Web page caption snippets:
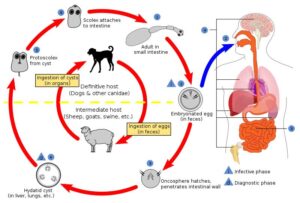 echinococcus-big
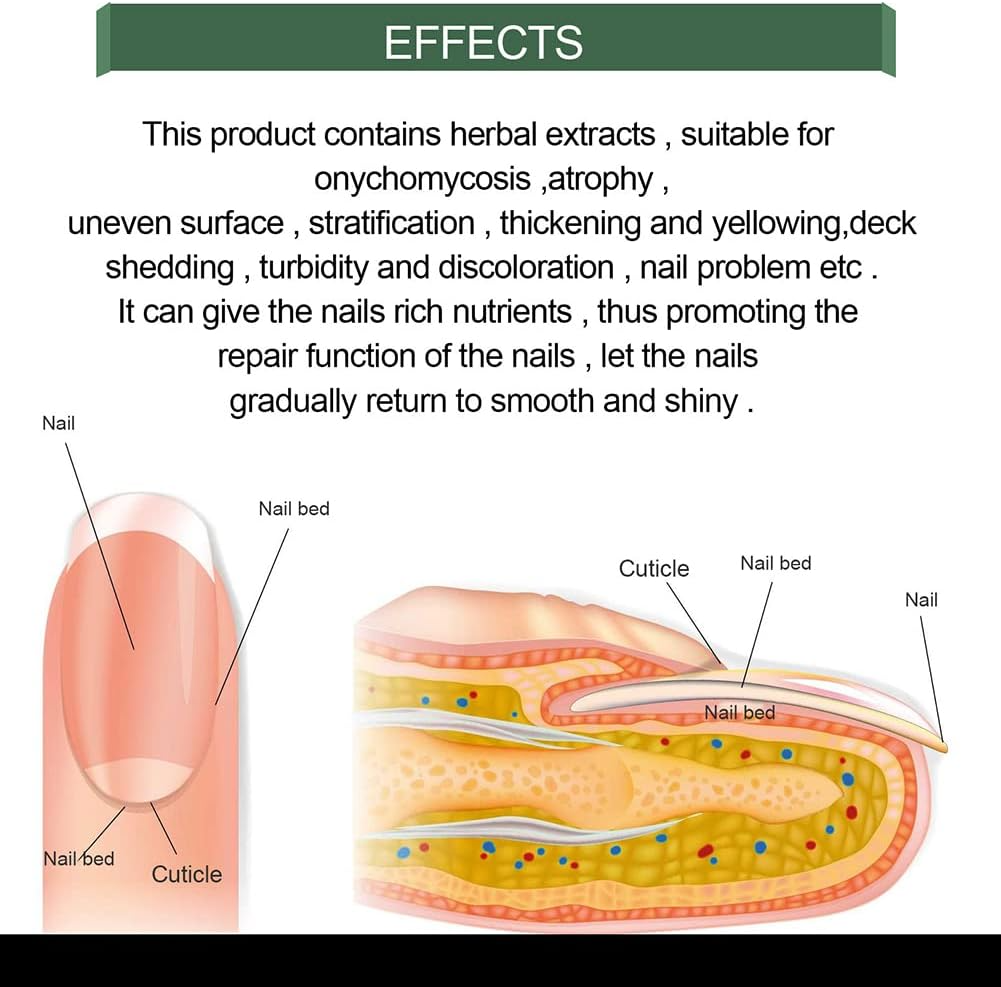 Nail Repair Care Solution for Discolored & Brittle Nails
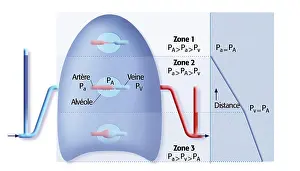 Respiratory System Prints: Illustration of the 3 lung zones defined by alveolar pressure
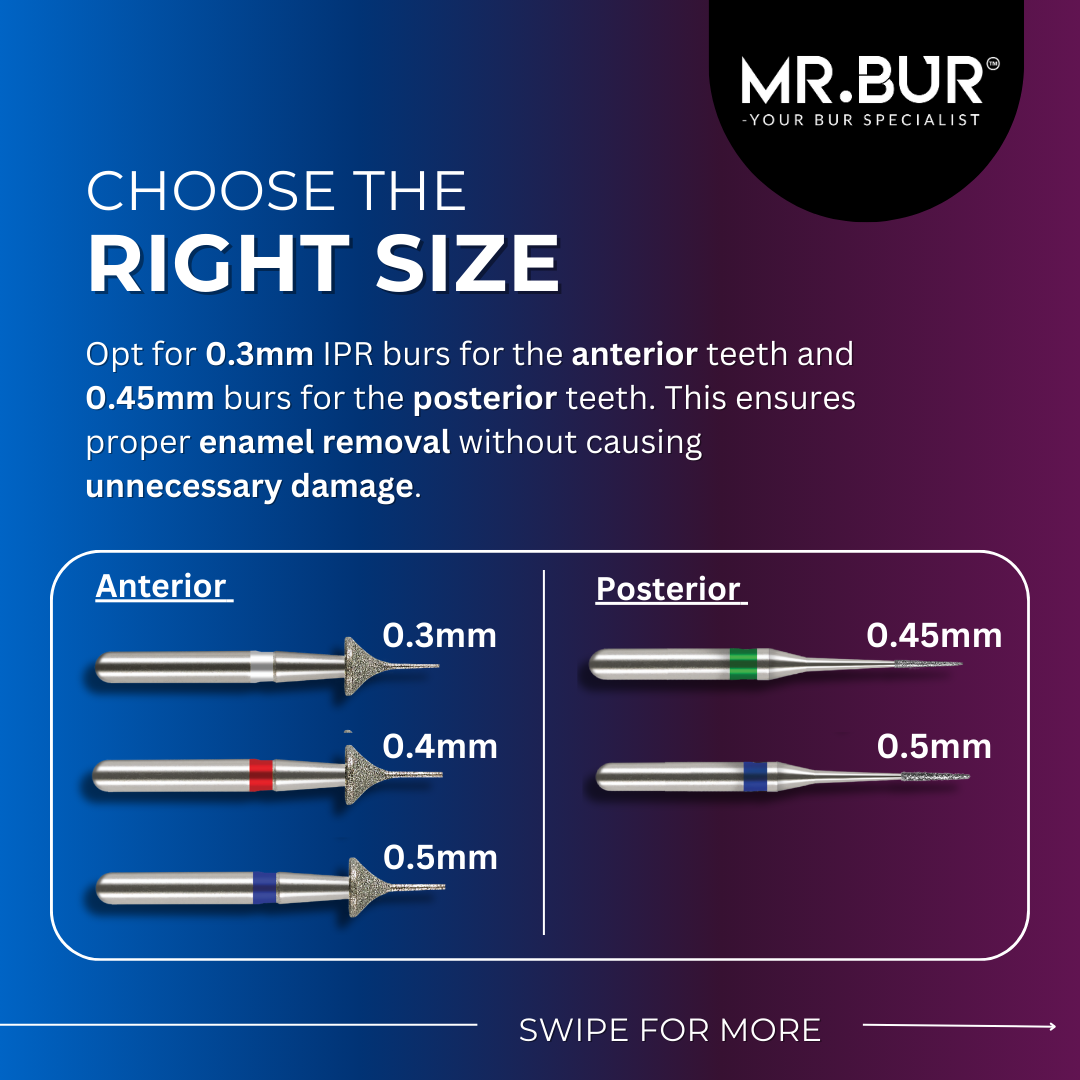  This picture explain the important of choosing the right size for IPR bur start from 0.3mm, 0.4mm, 0.45mm and 0.5mm for accurate reshaping of teeth to create space for the alignment of crowded teeth.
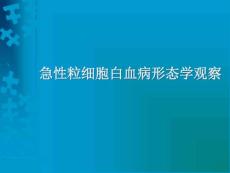 急性粒细胞白血病形态学观察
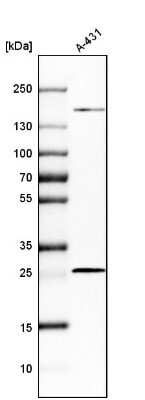 Western Blot: PGRMC2 Antibody [NBP2-13753]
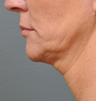 Ulthera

What is being asked: Print the lines from the one that contains "急性粒细胞白血病形态学观察" through the last line of the data, exactly and in full, and no other lines. Pictures are not part of the copy.

Solved exercise:
 急性粒细胞白血病形态学观察
 Western Blot: PGRMC2 Antibody [NBP2-13753]
 Ulthera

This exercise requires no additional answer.